Analysis of synthetic wastewater treated with commercial metal oxide powders prior to photocatalytic degradation (performed by the partner) showed that the presence of RhB in the treated water accelerated senescence, ultimately causing premature plant death (similar to Stage I, 2024). Therefore, these plants could not be used for subsequent photosynthesis/respiration evaluation. The photosynthesis process of plants treated with water treated using eco-synthesized metal oxide powders (EcoZnO97%–CuO3%, 400°C, 2.5h) was not inhibited. Meanwhile, basil plants treated with RhB-containing water photocatalytically degraded in the presence of EcoMO powders and their composites exhibited a significant decrease in respiration, particularly for EcoZnO99–CuO1% and EcoZnO97–CuO3%.
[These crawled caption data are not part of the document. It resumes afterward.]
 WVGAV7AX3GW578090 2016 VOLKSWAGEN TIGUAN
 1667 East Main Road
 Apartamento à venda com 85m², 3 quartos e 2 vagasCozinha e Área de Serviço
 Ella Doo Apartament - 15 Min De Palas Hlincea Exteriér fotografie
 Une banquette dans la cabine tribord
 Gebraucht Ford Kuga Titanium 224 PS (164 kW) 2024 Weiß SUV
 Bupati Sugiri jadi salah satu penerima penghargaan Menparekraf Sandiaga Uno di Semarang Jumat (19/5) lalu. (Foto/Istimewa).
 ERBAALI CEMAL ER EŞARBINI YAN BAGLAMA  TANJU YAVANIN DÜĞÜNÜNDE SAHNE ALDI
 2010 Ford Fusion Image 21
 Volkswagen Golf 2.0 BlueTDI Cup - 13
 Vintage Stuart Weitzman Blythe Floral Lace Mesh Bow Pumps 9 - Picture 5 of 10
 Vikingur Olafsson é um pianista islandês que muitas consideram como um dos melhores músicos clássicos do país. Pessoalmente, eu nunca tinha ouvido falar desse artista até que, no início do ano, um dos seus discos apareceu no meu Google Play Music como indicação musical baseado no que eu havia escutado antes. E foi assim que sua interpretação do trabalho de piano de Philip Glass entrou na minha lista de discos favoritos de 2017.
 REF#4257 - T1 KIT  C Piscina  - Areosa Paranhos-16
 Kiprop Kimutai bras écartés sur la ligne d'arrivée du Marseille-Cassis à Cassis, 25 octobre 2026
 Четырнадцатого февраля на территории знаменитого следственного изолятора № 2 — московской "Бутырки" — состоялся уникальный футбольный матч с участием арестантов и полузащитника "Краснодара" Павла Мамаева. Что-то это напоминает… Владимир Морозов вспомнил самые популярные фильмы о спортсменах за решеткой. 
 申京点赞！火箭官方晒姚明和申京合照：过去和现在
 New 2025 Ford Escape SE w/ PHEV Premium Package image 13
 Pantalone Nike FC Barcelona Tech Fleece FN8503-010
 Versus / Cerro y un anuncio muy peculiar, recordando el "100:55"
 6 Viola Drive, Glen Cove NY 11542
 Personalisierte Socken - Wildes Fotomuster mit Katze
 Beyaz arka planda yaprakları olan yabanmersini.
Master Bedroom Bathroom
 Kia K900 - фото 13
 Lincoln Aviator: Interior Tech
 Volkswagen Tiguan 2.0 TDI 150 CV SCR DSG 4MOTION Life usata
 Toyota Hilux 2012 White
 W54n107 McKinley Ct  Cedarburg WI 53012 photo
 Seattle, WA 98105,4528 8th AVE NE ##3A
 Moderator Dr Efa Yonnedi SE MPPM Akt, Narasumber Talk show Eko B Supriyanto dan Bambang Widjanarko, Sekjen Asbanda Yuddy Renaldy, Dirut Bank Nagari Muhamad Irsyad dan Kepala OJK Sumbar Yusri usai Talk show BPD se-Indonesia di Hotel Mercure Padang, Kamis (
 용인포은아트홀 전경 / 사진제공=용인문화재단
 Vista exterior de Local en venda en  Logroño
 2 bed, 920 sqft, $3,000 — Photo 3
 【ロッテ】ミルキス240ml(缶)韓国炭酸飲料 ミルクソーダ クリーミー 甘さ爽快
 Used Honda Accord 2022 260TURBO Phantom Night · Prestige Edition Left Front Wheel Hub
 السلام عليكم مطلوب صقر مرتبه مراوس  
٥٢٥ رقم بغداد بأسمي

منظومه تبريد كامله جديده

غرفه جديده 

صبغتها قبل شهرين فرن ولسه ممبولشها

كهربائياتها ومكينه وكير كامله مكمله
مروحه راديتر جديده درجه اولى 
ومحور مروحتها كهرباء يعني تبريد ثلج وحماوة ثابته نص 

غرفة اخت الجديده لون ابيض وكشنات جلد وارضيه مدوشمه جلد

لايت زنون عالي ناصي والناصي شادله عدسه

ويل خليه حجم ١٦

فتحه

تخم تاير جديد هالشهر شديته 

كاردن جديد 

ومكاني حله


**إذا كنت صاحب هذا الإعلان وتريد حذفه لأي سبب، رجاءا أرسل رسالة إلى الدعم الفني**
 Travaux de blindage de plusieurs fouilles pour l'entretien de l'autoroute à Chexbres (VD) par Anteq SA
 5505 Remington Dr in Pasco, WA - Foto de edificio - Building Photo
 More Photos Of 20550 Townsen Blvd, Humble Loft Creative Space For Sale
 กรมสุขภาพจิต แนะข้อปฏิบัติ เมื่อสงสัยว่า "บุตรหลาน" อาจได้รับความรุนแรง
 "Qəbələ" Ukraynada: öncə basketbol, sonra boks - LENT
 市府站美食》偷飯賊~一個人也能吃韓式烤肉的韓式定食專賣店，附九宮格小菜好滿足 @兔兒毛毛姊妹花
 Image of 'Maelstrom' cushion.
For the evaluation of RhB photodegradation in the presence of 3D-printed structures, significantly larger quantities of photocatalyst were required (approximately 20-fold higher). This is attributed to the substantially lower specific surface area of the 3D-printed structures compared to powdered catalysts. Nevertheless, despite the higher catalyst loading, the use of 3D-printed structures in dye-containing wastewater treatment offers several important advantages:
i) elimination of the additional filtration step, which is laborious and challenging to implement;
ii) easy separation and reuse of the printed structures;
iii) obtaining treated water free from particulate impurities.
Composite-based 3D-printed samples exhibited better photocatalytic activity than monocomponent ZnO or CuO 3D samples. The effect of wastewater treated with robocast structures on plants was assessed through photosynthesis and respiration analysis. Results showed that:
i) photosynthesis was not affected by the treatments, and
ii) respiration remained unaffected in plants treated with water decontaminated using 3D EcoCuO100% and 3D EcoZnO99%–CuO1%. For other samples, a slowdown in respiration was observed.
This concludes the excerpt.